Leggi anche Eutanasia: i 10 equivoci che confondono i francesi Quindi, signore e signori della Camera dei Comuni, dovete considerare non solo il testo e i cerotti dell’ultimo minuto applicati dalla signora Vautrin per renderlo meno spiacevole, ma anche le intenzioni esplicite, già dichiarate, dichiarate senza falsa modestia dai leader. Va detto che tra il 27 maggio e l’8 giugno 2024, le condizioni presentate come “rigorose” sono tutte cadute nella vaghezza soggettiva e nella confusione di termini e condizioni. Ma fare un passo indietro dopo averne fatti cinque avanti non cambia nulla.

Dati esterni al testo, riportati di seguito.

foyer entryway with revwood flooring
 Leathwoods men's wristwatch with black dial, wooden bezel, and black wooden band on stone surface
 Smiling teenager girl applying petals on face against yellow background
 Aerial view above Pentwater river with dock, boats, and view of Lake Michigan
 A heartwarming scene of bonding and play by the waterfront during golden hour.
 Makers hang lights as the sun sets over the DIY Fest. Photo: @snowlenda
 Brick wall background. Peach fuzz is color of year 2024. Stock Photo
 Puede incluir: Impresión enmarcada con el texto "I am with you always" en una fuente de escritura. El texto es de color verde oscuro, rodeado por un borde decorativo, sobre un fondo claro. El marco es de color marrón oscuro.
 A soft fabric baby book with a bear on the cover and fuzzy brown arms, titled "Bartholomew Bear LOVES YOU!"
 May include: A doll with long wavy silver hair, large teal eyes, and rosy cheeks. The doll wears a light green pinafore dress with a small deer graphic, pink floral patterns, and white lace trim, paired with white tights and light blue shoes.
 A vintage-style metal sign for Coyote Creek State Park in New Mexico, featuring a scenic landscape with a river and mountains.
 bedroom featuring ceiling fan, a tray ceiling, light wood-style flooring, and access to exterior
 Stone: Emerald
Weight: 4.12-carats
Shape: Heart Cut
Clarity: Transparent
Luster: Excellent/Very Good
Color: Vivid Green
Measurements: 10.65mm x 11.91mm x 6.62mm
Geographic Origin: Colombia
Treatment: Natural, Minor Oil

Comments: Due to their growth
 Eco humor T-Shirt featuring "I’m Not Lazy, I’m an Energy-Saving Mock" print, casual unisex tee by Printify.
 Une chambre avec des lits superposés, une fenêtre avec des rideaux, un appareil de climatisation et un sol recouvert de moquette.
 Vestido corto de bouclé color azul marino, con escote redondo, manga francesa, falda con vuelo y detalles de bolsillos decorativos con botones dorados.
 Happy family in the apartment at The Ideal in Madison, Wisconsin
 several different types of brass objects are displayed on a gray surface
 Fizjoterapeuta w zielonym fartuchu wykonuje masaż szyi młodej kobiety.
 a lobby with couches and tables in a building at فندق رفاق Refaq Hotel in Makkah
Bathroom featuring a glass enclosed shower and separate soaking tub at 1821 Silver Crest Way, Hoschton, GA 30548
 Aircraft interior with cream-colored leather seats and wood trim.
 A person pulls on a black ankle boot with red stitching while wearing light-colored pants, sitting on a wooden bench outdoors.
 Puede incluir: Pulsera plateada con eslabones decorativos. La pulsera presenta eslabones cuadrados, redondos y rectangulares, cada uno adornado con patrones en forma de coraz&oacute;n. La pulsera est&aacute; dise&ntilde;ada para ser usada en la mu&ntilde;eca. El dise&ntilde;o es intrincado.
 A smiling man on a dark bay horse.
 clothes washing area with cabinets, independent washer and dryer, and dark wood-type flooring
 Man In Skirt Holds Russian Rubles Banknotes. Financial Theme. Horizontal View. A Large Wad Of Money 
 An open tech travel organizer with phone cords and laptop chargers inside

Possiamo vedere chiaramente dove i sostenitori frenetici dell’eutanasia generalizzata vogliono condurci, ora o poco più tardi. Non possono nemmeno più nascondere il loro gioco. Sicuri di vincere, ci vanno sfacciatamente. Almeno le cose sono chiare. È il caso del deputato Falorni, uno dei principali sostenitori della causa e uno dei principali organizzatori e promotori di questa legge. Più di recente, quando si è posta la questione di proporre prima il suicidio assistito e di riservare l’eutanasia a coloro che non erano più in grado di somministrare autonomamente il farmaco letale, ha espresso la sua più profonda avversione per questa separazione, che era stata originariamente prevista.
Se, ha affermato, un paziente che dichiara di volersi sottoporre al suicidio assistito dovesse cambiare idea, esitare o non voler più iniettarsi la morte per via endovenosa, a causa di una maggiore “ansia e stress”, deve poter essere aiutato e “difendere questa scelta”, quasi suo malgrado, offrendogli l’eutanasia, grazie a una terza persona.
Per “umanità”, il richiedente deve essere spinto giù per il pendio scivoloso, piuttosto che frenato se lo desidera. Dov’è allora la fratellanza? L’ambivalenza non deve più poter distrarre la persona che si è offerta volontariamente di morire. Nessuna discussione, nessun pentimento, nessun disturbo d’ansia. No.